# expansion / contraction



## ecw (Jun 15, 2009)

pecan/hickory . does anyone know about how much movement there is for 3/4" x 3" pecan/ hickory. i have some hardwood that has not yet been conditioned(climate controlled), but i want to make a few cabinet doors with it. i have never made doors with unconditioned wood and i know that i would only have to wait for a week or two but i'd like to start working with it tomarrow.
eric


----------



## Just Bill (Dec 29, 2008)

If it has been outside, I would wait a bit.


----------



## woodnthings (Jan 24, 2009)

*Check the moisture content*

I see that you are in Texas, hot-dry or hot-humid? Use a moisture meter to check the content. Was it stored under cover?, how thick it is it?, just milled? All this determines if it will be suitable for use.:thumbsup: bill
FYI 1" thickness requires about 1 year to air dry from sawmilling.


----------



## Daren (Oct 14, 2006)

Like was mentioned your location, the woods current moisture content, the relative humidity of the place the finished product will spend the rest of its life in are all factors to consider...but if you normally have to wait until your wood for projects has conditioned I would this time too.

For future reference, for yourself or anyone who stumbles on this thread here are some links with the math and science behind wood movement and moisture content.

Wood shrinkage explained 

shrinkage/expansion calculator

Wood moisture calculator at EMC (equilibrium moisture content)

L--Longitudinal; R=Radial; T=Tangential are the directions wood moves as mentioned in the calculators.









The way wood is sawn out effect the shrinkage/expansion rates too.
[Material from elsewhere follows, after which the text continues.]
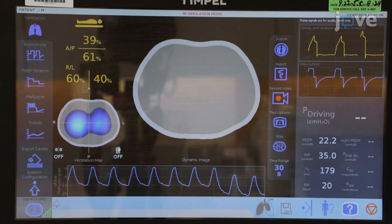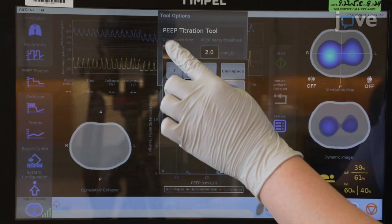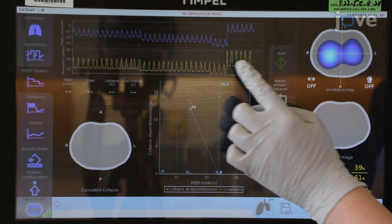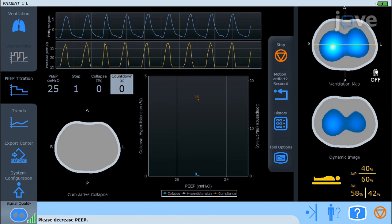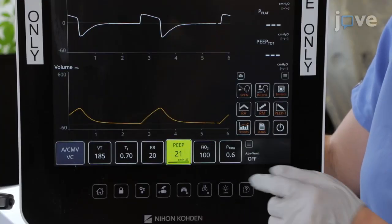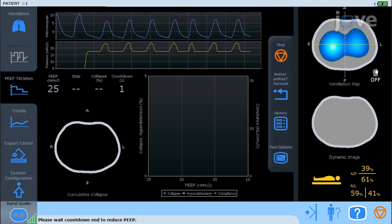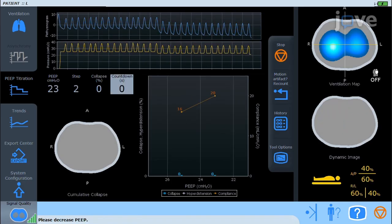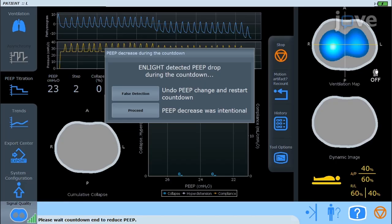Select the PEEP titration tool from the main screen icon and access the tool options. Set time intervals for PEEP changes during titration to stabilize ventilation in each condition. Adjust the threshold value for automatic PEEP change detection. Press Start on the PEEP titration screen to initiate the countdown based on the adjusted time for PEEP changes. When prompted, adjust the PEEP value on the ventilator according to the protocol. The device will automatically detect the change and start a new countdown. Monitor the PEEP changes and if automatic detection fails, manually stop and comment on the procedure.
Flat sawn moves more that quartersawn. The EMC calculator is very helpful in this case, I would estimate the final installation places average relative humidity and temp. That will tell you how dry/wet the wood will be in service. Compare that to it's current moisture content, too much of a difference one way or the other and you will have some movement...Having said all that construction techniques can allow (should allow) for contraction/expansion.


----------